Beginning with the line that contains "Riancho Dining Chair" in the material below, print each line exactly until the line that contains "Shoreline Cottage Floorplan" has been printed, then stop.

'''

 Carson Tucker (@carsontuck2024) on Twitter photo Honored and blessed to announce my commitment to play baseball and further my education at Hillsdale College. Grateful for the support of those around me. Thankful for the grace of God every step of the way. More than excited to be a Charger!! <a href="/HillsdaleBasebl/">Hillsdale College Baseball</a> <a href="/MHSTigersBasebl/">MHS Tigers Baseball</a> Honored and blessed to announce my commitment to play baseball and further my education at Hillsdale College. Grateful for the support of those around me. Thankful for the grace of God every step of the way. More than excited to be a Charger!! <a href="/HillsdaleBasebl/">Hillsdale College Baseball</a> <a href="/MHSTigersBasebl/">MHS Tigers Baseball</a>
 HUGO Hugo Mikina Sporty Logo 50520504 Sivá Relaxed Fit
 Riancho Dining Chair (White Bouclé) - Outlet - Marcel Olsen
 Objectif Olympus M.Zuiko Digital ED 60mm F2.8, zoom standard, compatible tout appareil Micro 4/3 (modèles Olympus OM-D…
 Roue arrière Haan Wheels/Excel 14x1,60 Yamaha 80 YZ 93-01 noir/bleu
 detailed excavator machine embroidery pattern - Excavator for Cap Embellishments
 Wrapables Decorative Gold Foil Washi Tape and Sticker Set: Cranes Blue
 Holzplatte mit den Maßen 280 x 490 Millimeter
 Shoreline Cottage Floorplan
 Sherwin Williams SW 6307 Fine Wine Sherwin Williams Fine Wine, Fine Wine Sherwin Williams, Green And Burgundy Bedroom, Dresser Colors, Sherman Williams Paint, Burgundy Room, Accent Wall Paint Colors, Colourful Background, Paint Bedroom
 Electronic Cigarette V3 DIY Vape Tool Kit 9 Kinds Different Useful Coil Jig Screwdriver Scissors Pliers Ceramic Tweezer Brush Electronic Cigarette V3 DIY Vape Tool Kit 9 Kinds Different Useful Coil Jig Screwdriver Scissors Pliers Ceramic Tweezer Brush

'''

* _EXERCISE RESULT_
 Riancho Dining Chair (White Bouclé) - Outlet - Marcel Olsen
 Objectif Olympus M.Zuiko Digital ED 60mm F2.8, zoom standard, compatible tout appareil Micro 4/3 (modèles Olympus OM-D…
 Roue arrière Haan Wheels/Excel 14x1,60 Yamaha 80 YZ 93-01 noir/bleu
 detailed excavator machine embroidery pattern - Excavator for Cap Embellishments
 Wrapables Decorative Gold Foil Washi Tape and Sticker Set: Cranes Blue
 Holzplatte mit den Maßen 280 x 490 Millimeter
 Shoreline Cottage Floorplan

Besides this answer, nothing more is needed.